Subject: Re: ML for MI
FC & Bob ..... I think the Kaggle evaluation is a bit misguided. R and Python are an increasingly convergent place - infact I went to the website of Wes Mckinney - he now works at Posit .... ie erstwhile R-Studio labs. Posit is clearly aiming at bringing massive convergence and fungibility between these 2 platforms.
Most tools are common - but there's a key differentiator typically for Python - its a development tool, while R is primarily research oriented ( Shiny being exceptional attempt). Because both are in-memory -computing architecture is critical and this is where R has overtaken Python in the last few years. A lot of this may not be very relevant at all for the ML exercise undertaken for MI type attributes ( Data is atmost Daily and most firm related attributes change only on Quarterly basis) - but if the universe is all stocks ( like CRSP) - computing efficiency will start to matter.
If you are into writing your own code - pick whichever you are comfortable with.
But if you are just after something which involves minimal code or you want GUI look-and-feel my suggestions would be
H2O.ai : That team is primarily responsible for most of the Big data breakthrus in R and that platform is also cross - infact their Python one is a bit more feature rich.

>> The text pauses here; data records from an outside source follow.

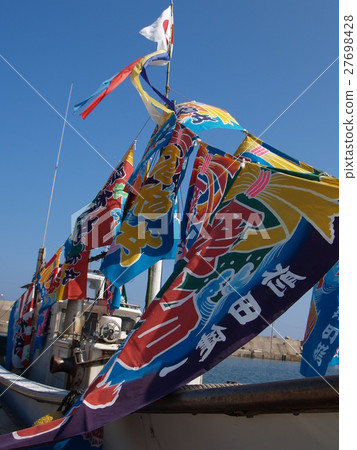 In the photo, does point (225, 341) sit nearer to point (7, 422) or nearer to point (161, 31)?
point (7, 422)

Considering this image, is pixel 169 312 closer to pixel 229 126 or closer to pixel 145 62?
pixel 229 126

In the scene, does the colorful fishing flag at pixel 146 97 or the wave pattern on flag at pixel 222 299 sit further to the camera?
the colorful fishing flag at pixel 146 97

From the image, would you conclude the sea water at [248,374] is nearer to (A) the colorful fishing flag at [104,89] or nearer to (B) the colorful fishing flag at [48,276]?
(B) the colorful fishing flag at [48,276]

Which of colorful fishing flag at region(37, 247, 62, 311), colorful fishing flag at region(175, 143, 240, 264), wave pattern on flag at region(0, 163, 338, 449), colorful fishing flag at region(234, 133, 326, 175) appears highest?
colorful fishing flag at region(234, 133, 326, 175)

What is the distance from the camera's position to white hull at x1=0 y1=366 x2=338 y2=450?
3133 mm

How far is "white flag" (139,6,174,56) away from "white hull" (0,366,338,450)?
31.4ft

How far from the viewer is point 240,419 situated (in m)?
3.65

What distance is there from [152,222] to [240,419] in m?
4.26

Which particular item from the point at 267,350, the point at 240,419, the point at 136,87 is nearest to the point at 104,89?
the point at 136,87

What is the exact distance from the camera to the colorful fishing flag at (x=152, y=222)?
705 centimetres

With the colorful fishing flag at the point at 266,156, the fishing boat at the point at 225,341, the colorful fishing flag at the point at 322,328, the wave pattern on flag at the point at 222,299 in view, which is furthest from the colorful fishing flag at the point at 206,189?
the colorful fishing flag at the point at 322,328

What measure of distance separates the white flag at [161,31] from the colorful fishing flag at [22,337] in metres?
8.44

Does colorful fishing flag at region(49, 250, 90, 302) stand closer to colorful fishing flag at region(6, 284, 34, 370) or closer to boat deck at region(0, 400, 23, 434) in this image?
boat deck at region(0, 400, 23, 434)

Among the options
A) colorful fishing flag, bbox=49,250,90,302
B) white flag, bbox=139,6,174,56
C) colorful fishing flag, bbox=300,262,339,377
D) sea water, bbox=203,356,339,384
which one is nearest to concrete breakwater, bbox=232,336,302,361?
sea water, bbox=203,356,339,384
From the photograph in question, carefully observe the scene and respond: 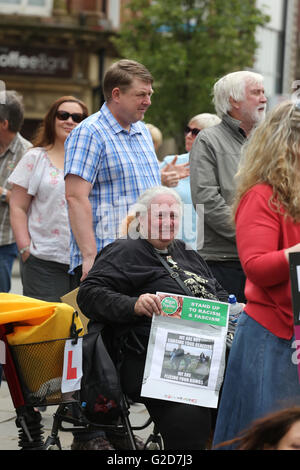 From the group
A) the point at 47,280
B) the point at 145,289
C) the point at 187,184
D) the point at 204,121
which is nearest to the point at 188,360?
the point at 145,289

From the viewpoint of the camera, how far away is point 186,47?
20.5 meters

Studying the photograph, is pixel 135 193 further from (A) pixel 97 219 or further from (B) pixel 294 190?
(B) pixel 294 190

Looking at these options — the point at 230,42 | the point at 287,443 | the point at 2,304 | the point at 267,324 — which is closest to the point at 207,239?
the point at 2,304

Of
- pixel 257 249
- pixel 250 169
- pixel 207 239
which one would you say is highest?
pixel 250 169

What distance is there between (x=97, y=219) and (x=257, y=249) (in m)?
2.02

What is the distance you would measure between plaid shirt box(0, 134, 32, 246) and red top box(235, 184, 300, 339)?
3393 millimetres

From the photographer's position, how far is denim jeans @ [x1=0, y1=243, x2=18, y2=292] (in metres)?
6.55

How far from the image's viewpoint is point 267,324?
344 centimetres

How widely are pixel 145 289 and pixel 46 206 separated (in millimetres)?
1907

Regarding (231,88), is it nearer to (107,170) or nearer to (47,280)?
(107,170)

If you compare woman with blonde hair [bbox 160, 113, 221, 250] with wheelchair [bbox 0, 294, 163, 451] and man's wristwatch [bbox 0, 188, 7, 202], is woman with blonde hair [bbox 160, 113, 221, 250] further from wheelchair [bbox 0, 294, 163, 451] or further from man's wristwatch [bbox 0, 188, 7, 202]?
wheelchair [bbox 0, 294, 163, 451]

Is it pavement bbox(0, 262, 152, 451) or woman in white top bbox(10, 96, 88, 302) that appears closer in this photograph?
pavement bbox(0, 262, 152, 451)

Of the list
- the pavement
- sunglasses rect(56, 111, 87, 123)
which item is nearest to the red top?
the pavement

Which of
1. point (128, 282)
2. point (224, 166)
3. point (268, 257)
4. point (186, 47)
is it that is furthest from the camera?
point (186, 47) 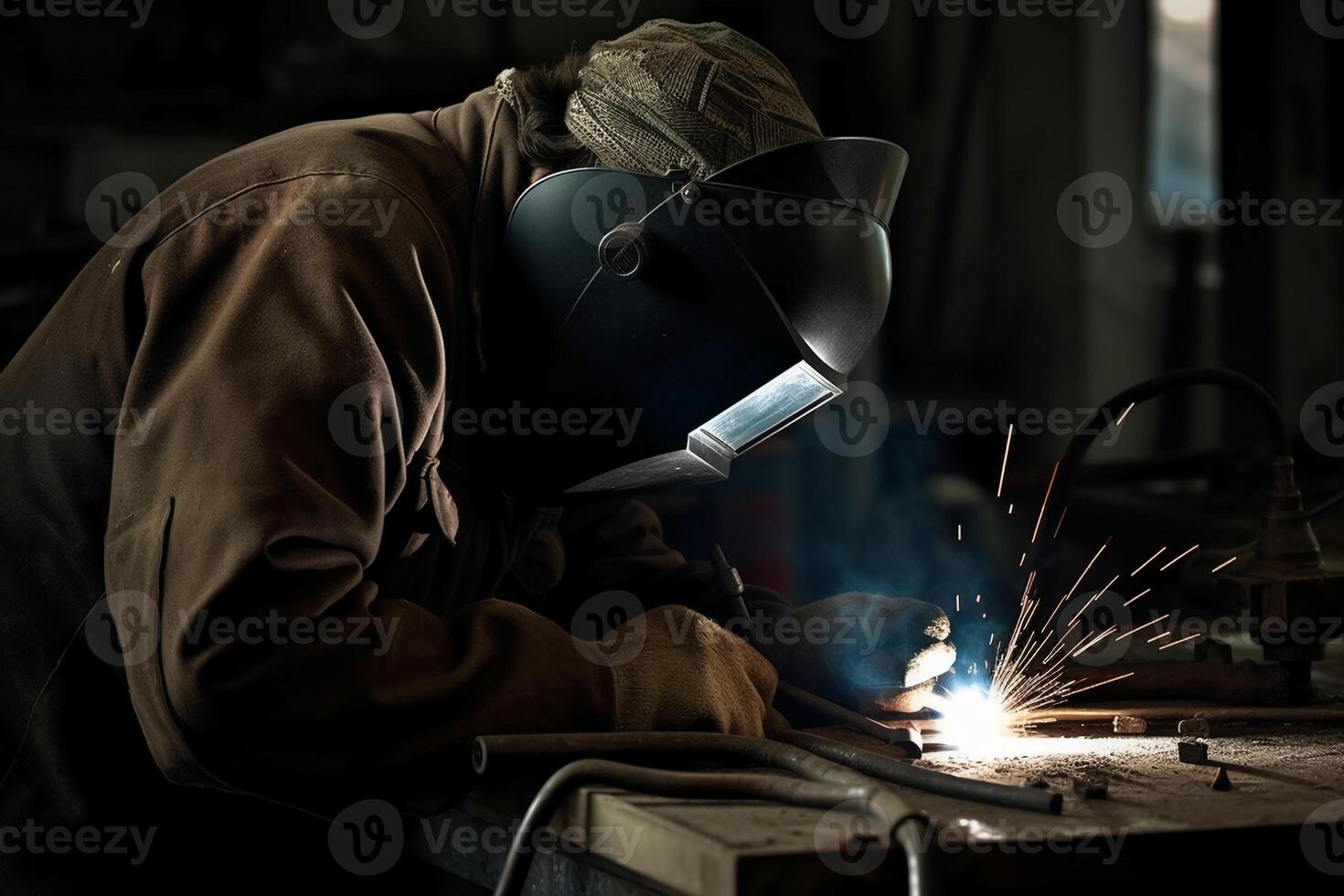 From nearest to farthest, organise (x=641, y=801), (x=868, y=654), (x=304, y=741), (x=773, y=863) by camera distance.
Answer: (x=773, y=863) < (x=641, y=801) < (x=304, y=741) < (x=868, y=654)

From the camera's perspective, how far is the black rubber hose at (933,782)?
1.59 meters

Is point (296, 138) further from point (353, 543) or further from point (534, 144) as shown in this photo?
point (353, 543)

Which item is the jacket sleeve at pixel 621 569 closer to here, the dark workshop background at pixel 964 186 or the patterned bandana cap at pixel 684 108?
the dark workshop background at pixel 964 186

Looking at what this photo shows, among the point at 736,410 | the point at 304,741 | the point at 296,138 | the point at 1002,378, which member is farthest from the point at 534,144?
the point at 1002,378

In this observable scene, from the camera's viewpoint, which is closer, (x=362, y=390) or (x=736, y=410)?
(x=362, y=390)

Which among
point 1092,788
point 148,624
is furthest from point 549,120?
point 1092,788

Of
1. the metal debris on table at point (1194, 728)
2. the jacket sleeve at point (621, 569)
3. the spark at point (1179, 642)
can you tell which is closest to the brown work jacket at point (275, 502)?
the jacket sleeve at point (621, 569)

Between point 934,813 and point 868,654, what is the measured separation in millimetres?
624

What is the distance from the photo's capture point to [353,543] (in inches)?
67.5

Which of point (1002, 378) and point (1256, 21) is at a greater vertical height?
point (1256, 21)

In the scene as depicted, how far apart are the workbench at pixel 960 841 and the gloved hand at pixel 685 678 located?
0.52 ft

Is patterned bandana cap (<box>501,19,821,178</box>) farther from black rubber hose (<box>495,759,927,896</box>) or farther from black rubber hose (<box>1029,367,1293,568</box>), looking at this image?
black rubber hose (<box>495,759,927,896</box>)

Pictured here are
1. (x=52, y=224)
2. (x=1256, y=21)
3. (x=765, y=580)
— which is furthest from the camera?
(x=1256, y=21)

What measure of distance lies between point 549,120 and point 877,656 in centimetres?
87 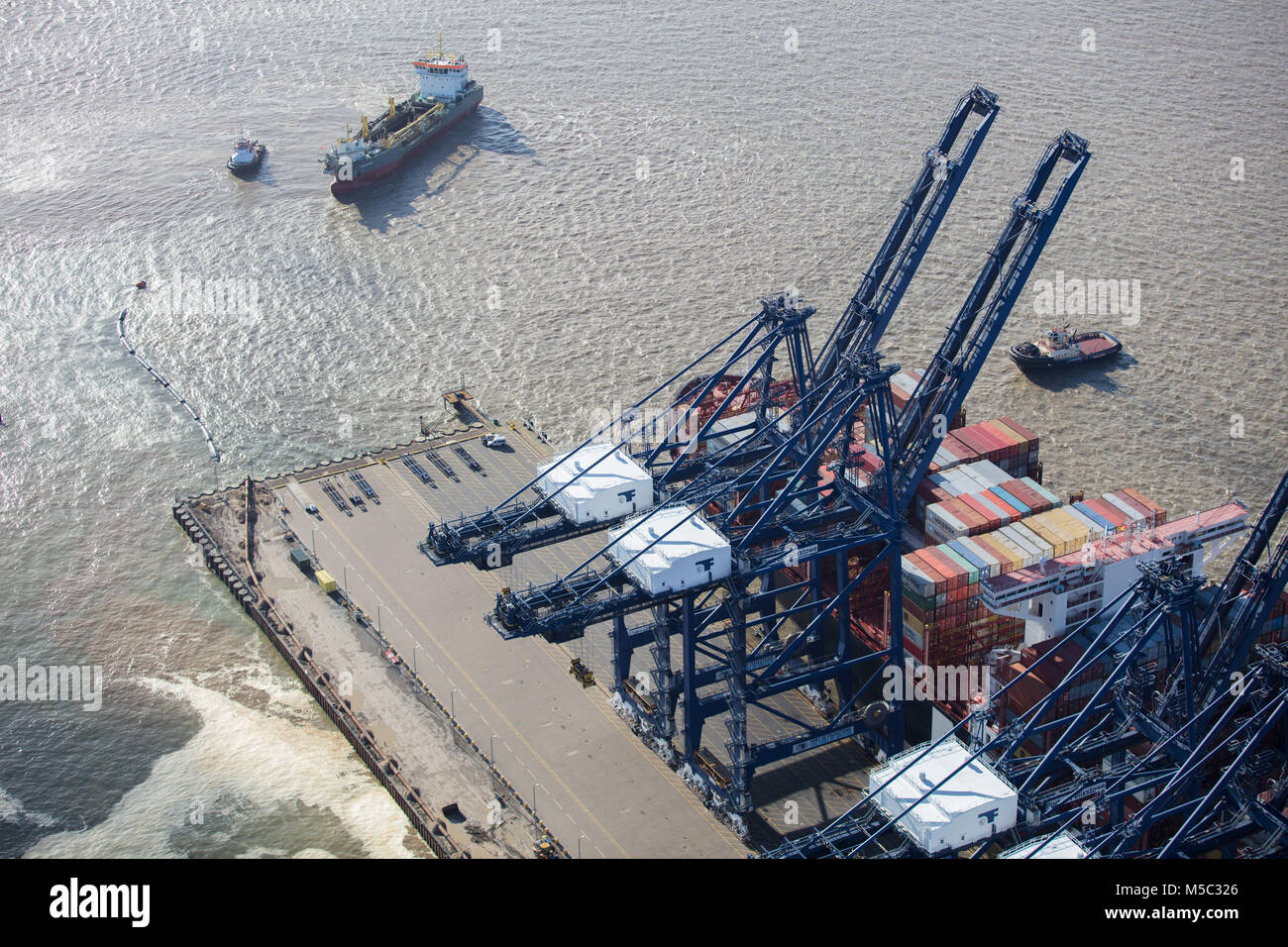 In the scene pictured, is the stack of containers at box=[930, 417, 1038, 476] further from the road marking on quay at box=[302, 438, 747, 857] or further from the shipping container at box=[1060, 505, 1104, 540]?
the road marking on quay at box=[302, 438, 747, 857]

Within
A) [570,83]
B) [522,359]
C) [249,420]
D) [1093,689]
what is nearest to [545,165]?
[570,83]

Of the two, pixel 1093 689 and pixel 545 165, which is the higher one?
pixel 545 165

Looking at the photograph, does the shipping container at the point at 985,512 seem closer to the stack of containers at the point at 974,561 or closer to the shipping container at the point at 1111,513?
the stack of containers at the point at 974,561

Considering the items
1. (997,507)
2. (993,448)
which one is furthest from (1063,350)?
(997,507)

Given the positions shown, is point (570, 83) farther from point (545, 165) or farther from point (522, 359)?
point (522, 359)

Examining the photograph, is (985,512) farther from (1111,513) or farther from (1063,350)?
(1063,350)

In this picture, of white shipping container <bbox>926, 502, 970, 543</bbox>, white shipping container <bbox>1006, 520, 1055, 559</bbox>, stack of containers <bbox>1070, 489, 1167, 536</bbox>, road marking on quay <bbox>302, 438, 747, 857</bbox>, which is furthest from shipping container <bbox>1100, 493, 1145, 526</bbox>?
road marking on quay <bbox>302, 438, 747, 857</bbox> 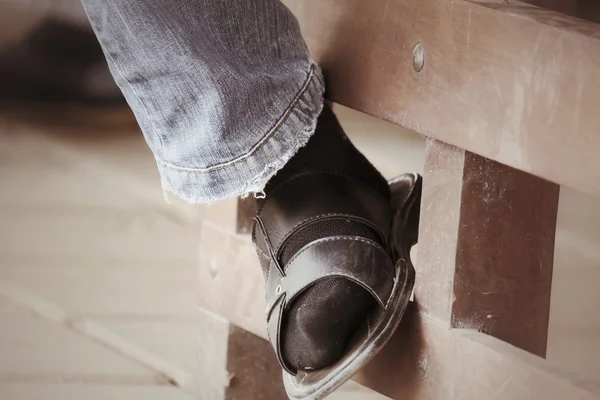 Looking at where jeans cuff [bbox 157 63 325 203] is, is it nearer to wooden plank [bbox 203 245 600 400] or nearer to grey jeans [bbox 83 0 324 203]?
grey jeans [bbox 83 0 324 203]

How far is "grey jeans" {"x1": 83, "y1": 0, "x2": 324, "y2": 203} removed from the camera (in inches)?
25.2

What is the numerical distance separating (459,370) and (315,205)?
0.18 metres

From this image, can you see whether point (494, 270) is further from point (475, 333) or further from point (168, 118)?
point (168, 118)

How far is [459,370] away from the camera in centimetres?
69

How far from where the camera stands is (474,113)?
619 mm

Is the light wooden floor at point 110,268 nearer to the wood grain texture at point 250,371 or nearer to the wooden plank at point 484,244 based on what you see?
the wood grain texture at point 250,371

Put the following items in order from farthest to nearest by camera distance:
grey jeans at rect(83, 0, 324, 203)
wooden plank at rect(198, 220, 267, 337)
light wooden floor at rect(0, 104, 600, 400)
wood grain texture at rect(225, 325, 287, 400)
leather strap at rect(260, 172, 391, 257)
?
light wooden floor at rect(0, 104, 600, 400)
wood grain texture at rect(225, 325, 287, 400)
wooden plank at rect(198, 220, 267, 337)
leather strap at rect(260, 172, 391, 257)
grey jeans at rect(83, 0, 324, 203)

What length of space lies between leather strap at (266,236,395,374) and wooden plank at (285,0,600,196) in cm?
11

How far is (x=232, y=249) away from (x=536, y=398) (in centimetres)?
44

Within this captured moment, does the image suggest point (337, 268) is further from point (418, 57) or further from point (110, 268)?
point (110, 268)

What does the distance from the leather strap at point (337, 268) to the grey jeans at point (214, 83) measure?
8cm

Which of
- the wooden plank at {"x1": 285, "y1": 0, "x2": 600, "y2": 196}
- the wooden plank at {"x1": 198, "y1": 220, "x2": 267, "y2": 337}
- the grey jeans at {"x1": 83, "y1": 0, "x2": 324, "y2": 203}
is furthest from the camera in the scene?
the wooden plank at {"x1": 198, "y1": 220, "x2": 267, "y2": 337}

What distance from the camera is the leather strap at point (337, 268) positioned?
70cm

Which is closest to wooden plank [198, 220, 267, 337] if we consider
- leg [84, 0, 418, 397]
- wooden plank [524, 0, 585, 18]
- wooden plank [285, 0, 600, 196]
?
leg [84, 0, 418, 397] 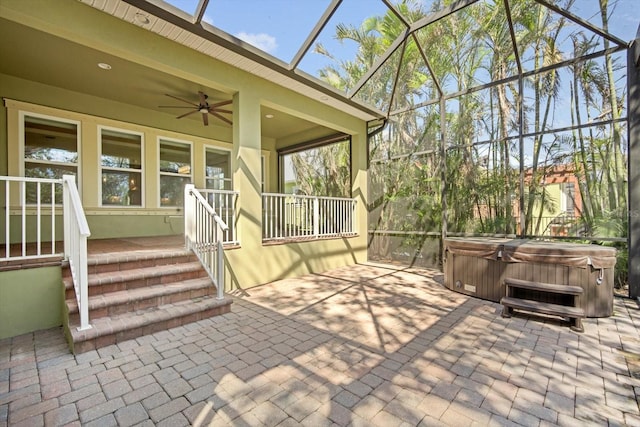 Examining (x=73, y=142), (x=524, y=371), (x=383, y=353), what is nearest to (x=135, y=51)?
(x=73, y=142)

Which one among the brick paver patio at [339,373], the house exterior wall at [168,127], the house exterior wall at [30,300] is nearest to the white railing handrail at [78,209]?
the house exterior wall at [30,300]

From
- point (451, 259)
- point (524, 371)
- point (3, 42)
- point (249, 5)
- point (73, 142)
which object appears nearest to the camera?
point (524, 371)

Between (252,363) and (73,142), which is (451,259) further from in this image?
(73,142)

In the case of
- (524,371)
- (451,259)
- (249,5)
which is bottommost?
(524,371)

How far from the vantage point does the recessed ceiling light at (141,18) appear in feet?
11.3

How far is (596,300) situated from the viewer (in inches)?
140

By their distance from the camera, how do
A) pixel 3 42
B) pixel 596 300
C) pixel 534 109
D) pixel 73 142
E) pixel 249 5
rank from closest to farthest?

But they use Distributed computing - so you can pretty much throw a lot at it.
Infact once you setup an ML pipeline in H2O it would practically work across algorithms/methods. And they also now have Deep Learners
MLR3 : R specific ML pipelines
Rattle : This is practically a defunct R package - but it does basic ML modeling in a GUI driven interface - however most of its dependencies are not supported on CRAN anymore. And SIZE of DATA will be an issue. I dont think it can efficiently process something like CRSP.
Best of luck!